In the first visit of an Israeli ambassador to Oregon in 28 years, Ambassador Ron Dermer spoke to an invitation-only crowd of about 180 people at the Mittleman Jewish Community Center March 30.
He spoke briefly about challenges specific to Israel, but focused much of his talk on the rise of global anti-Semitism and its latest form where anti-Semitism is directed against the Jewish state.
“Now the Jewish state is treated differently,” Dermer said, noting it is important to differentiate between legitimate criticism and anti-Semitism. “Israel is not above criticism. Israel is not a perfect country – no country is.”
To help differentiate between the two, Dermer and his mentor of many years, Natan Sharansky, created a 3-D standard: demonization, double standard and denial of Israel’s right to exist.
Those using BDS (Boycott, Divest and Sanction) against Israel frequently fail that 3-D test, Dermer said.
“If you are a Jewish or Palestinian group, it is not wrong for you to focus on Israel,” he said, noting both have a vested interest. But when other groups want to discuss BDS, he asks if they have boycotted Iran, Syria, North Korea or any of the other 50 or so countries with human rights violations. If they do boycott other nations to support their values, he is willing to engage them. For those groups, he said it is up to him to persuade them that Israel does not belong on their list.
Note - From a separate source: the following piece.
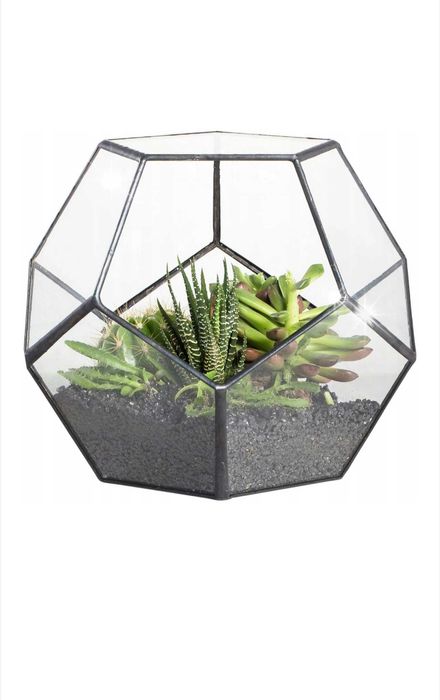 Терариум за растения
“But when a country or organization boycotts only Israel … they have to defend (their actions) and tell me why they have decided to single out Israel among all the nations of the world for boycott.”
Portland’s Jewish community will have the opportunity to take a stand on that issue in May and again in June. Two church groups will be in Portland for their national conventions, during which they will consider BDS resolutions against Israel.
Dermer said when Christian churches call for such action, it is hard to reconcile with the reality in the Middle East, where ancient Christian communities are being decimated and Christians are being beheaded. The Christian population has fallen from 20% of the region’s people to just 4% over the last century.
“There is one country (in the region) where Christians are free and safe, and that is the state of Israel,” he said. “But Christian church groups are going to call for divestment. The Methodists are here in May … in June the Presbyterians are marching to town.”
The Methodist General Conference will be in Portland May 10-20, and the Presbyterian Church (U.S.A.) General Assembly is here June 18-25.
“I hope when a church group comes to Portland and people at the conference place what I regard as a yellow star on the Jewish state of Israel … I hope people would respond by raising a blue and white star,” he said. “Have such a showing that you will deter groups from thinking they can get away with anti-Semitism.”
Noting the FBI reported that 58% of hate crimes in 2014 were anti-Jewish, Dermer said hate groups behind those crimes need to see “a strong, proud Jewish community.”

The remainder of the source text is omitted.